Matilda is facing a further 18 months in and out of hospital and doctors’ surgeries. Money is still owed to Ambulance Victoria and replacement pairs of gloves have to paid out of the Arnolds’ own pocket. And Sue Arnold says the psychological toll could last a lifetime.
“She’s been affected terribly, there’s not a day goes by that she doesn’t talk about death … how many four-year-olds talk about a death every day? She has nightmares about wild dogs and dingoes and she freaks out in front of dogs now,” she said. “She’s going to get attacked again, because of the way she acts around dogs.”
The wildlife park’s owner, Shane Hogan, referred our queries to CGU and said he hadn’t been in touch with them for “a while”. He confirmed the fence had been altered after the incident to “hopefully exclude someone doing the same thing”.

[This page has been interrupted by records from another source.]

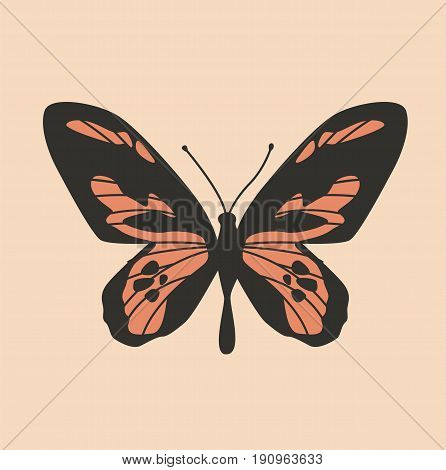 Colorful butterfly. Butterfly design. Cute butterfly Vector stock.
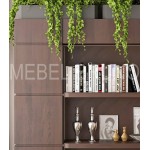 Книжный шкаф Крафт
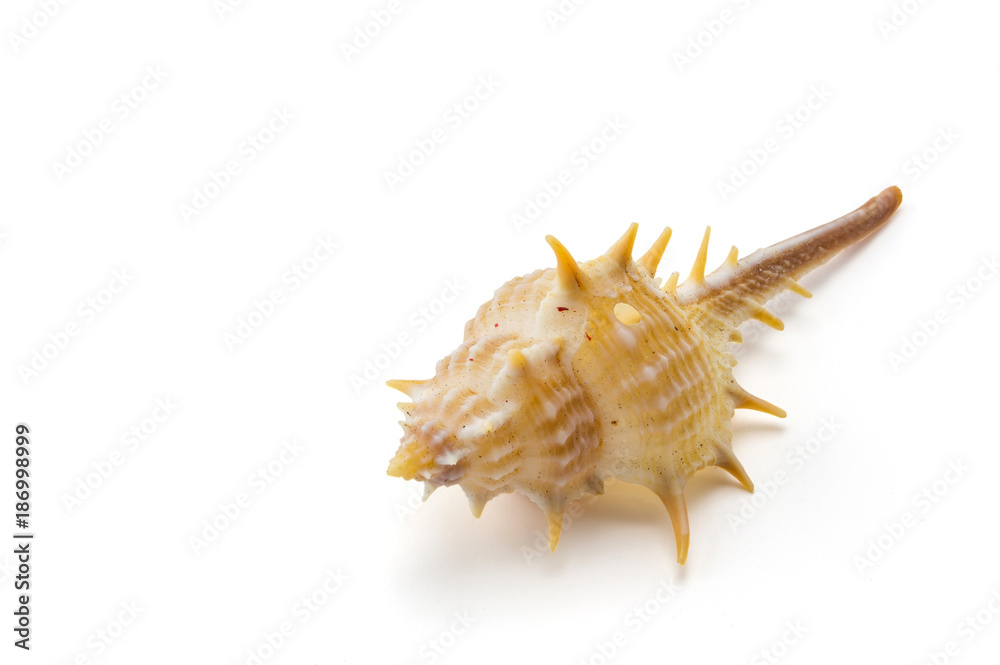 Sea shell on white background, clipping part Sea shell on white background, clipping part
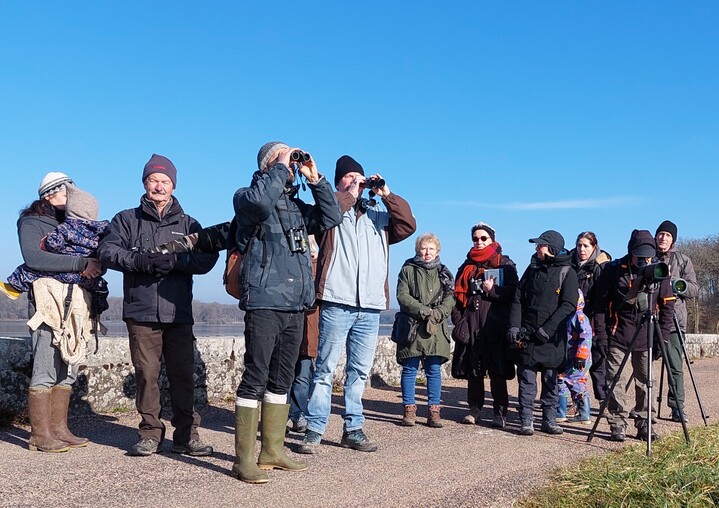 Observation des oiseaux d'eau de l'étang de Fleury-la-Tour à Tintury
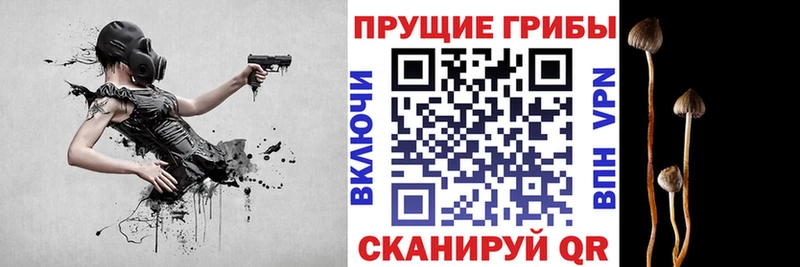 Псилоцибиновые грибы Cubensis  Ясный 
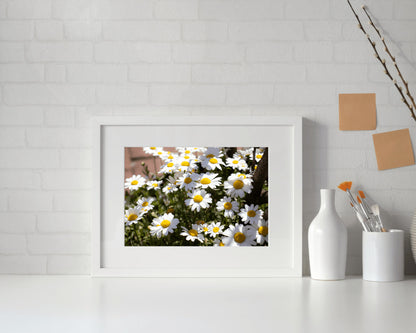 Daisy Wall Art, Floral Wall Art, Photography Prints, Daisy Print, Daisy Flower 2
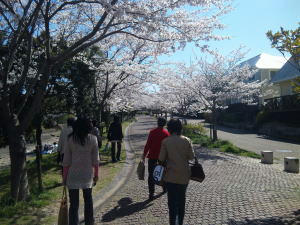 20100408-2.jpg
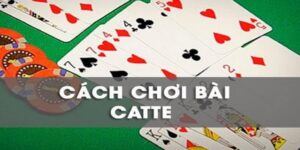 Bài catte 6 lá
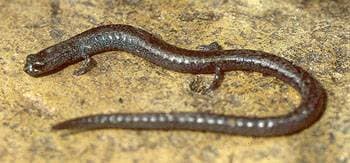 Svartbukig slanksalamander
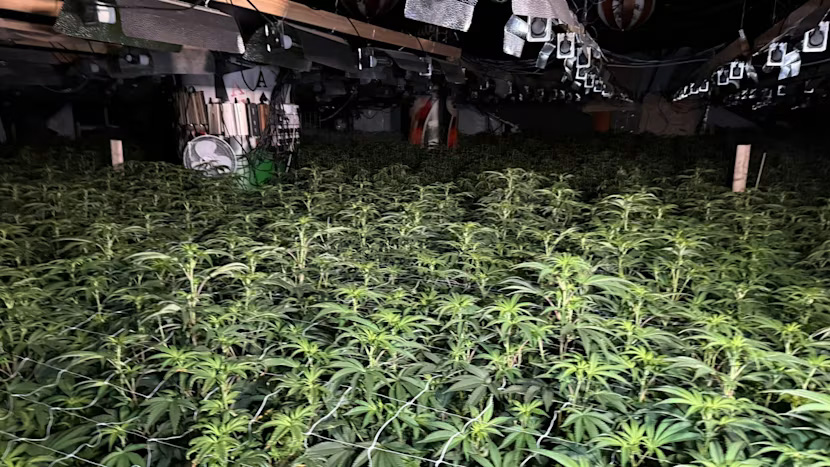 Nasad konoplje v kazinoju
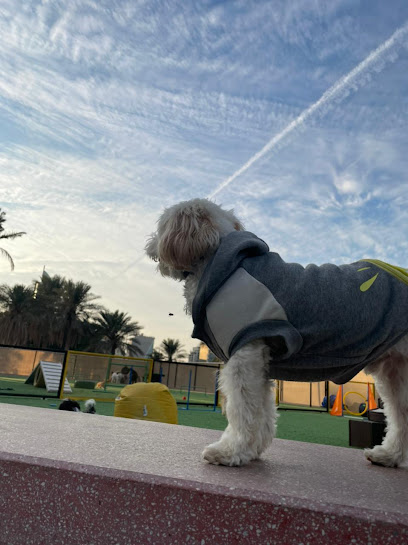 Pawsers Pet Care - Saudi Arabia|Al Khobar 34424|3705 عمرو بن مره، 9177|Al Yarmouk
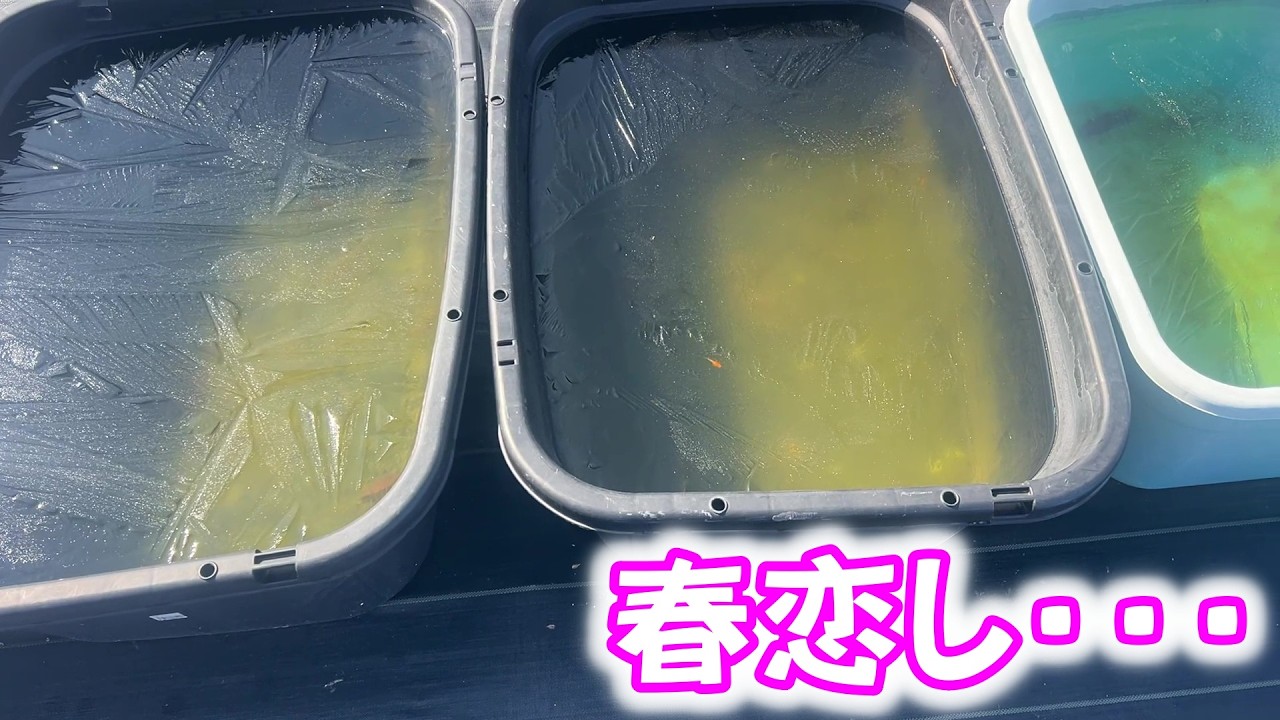 【めだか】片隅ファームすこ～し氷が薄くなってきました。Ｂ型おやじ　2026年　2月　13日　投稿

This is not the first time the park has been mired in controversy. Last July, Laeleigh Lee’s four-year-old boy was also left with a hole in his finger after feeding the dingoes. But in the intervening months, it seems little was done to avoid a repeat, despite Lee’s mother despatching an angrily-worded letter to the local newspaper.

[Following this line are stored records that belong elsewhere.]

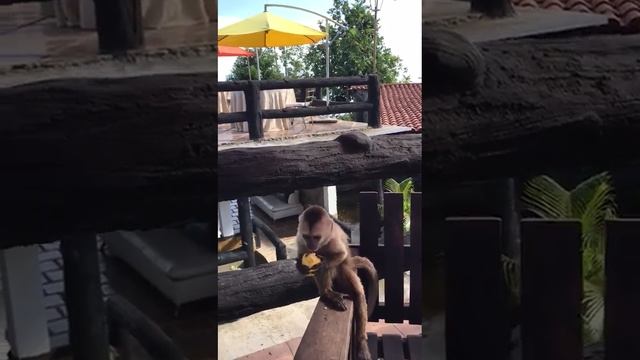 Миленькая обезьянка ест манго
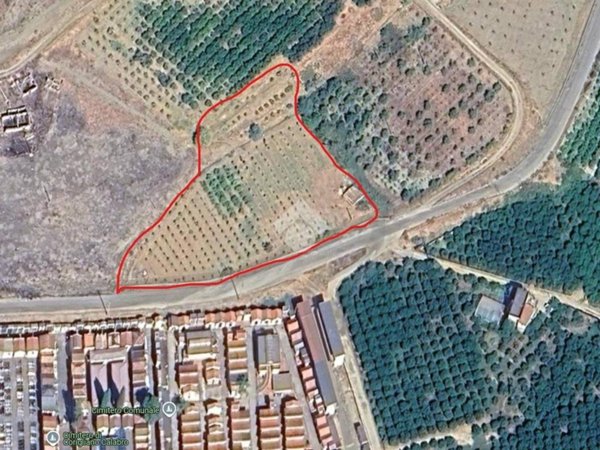 terreno agricolo in vendita a Corigliano-Rossano in zona Corigliano Calabro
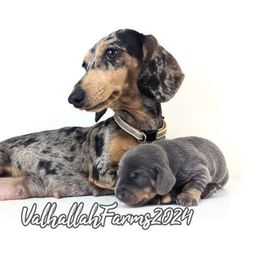 Stormy - Dachshund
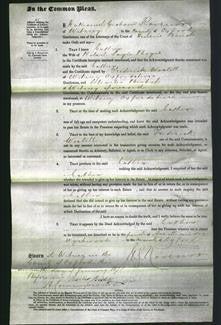 Court of Common Pleas - Esther Boyes-Original Ancestry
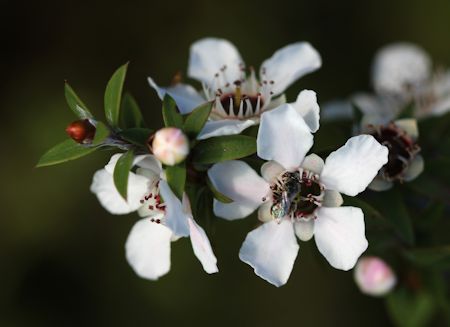 Manuka Flowers And Honey Bee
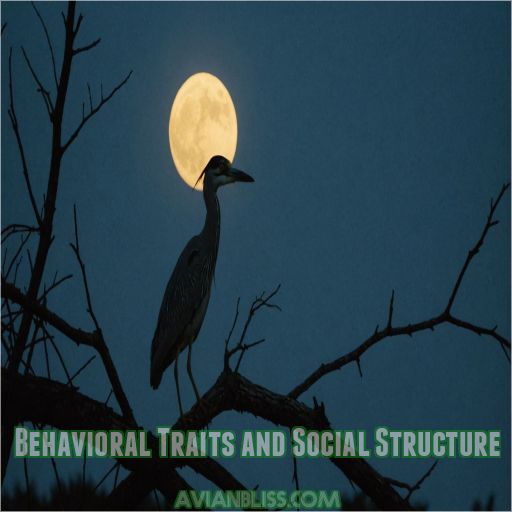 Behavioral Traits and Social Structure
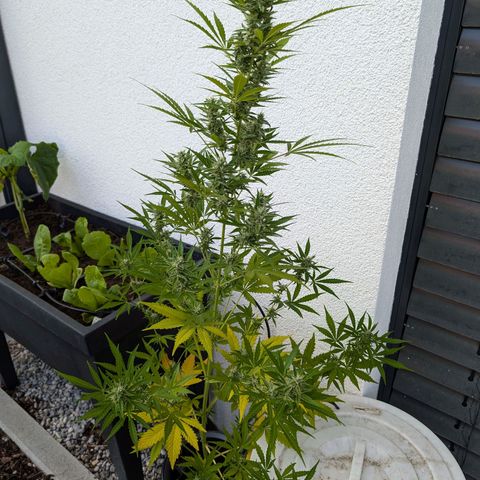 Monkey growlog timeline photo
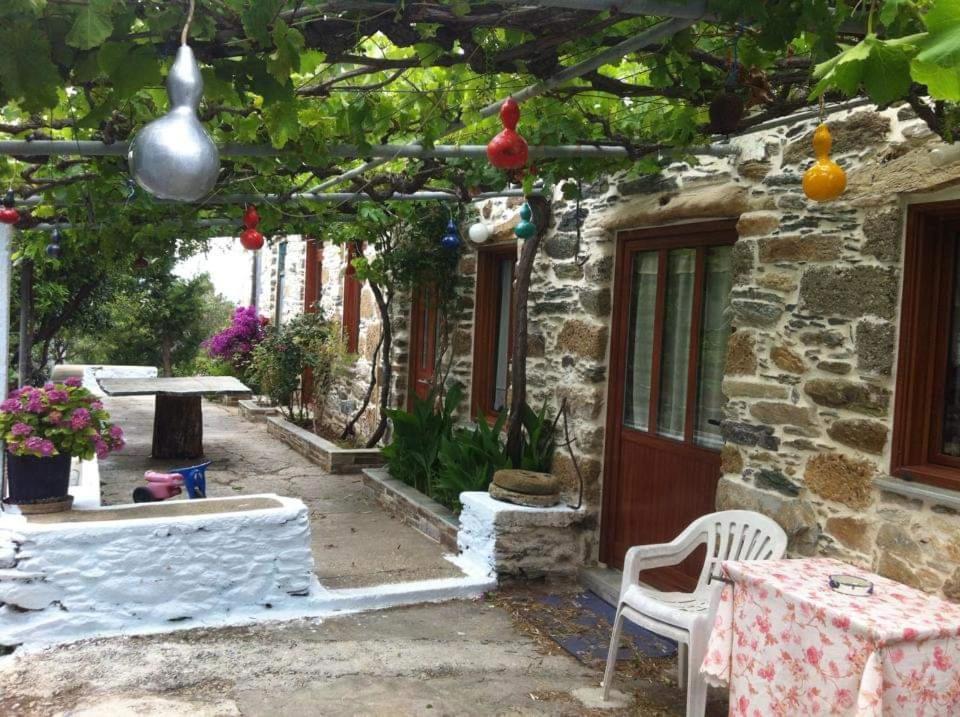 Villa Πέτροκτιστο Σπίτι. Stone House Karystos  Exterior foto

A spokesperson for the DPI, who was responsible for regulating the park at the time, confirmed the owners were told to erect a better fence following its initial probe.
In an emailed statement, CGU Insurance told Crikey it had received a claim for interim medical expenses and had requested supporting medical documents, which had not been forwarded, a sequence of events rejected by Maurice Blackburn. The statement appears to contradict the earlier letter sent to Sue Arnold through her lawyers, which says explicitly that the broader claim had been denied.
In the letter, CGU threatens to “join” Sue to the dispute between her daughter and the park’s operators if she proceeds with legal action, claiming she had “apologised” to the park’s owners at the time.
Arnold told Crikey she did apologise, but only for Matilda’s badly-mauled hand that was dripping blood all over the floor.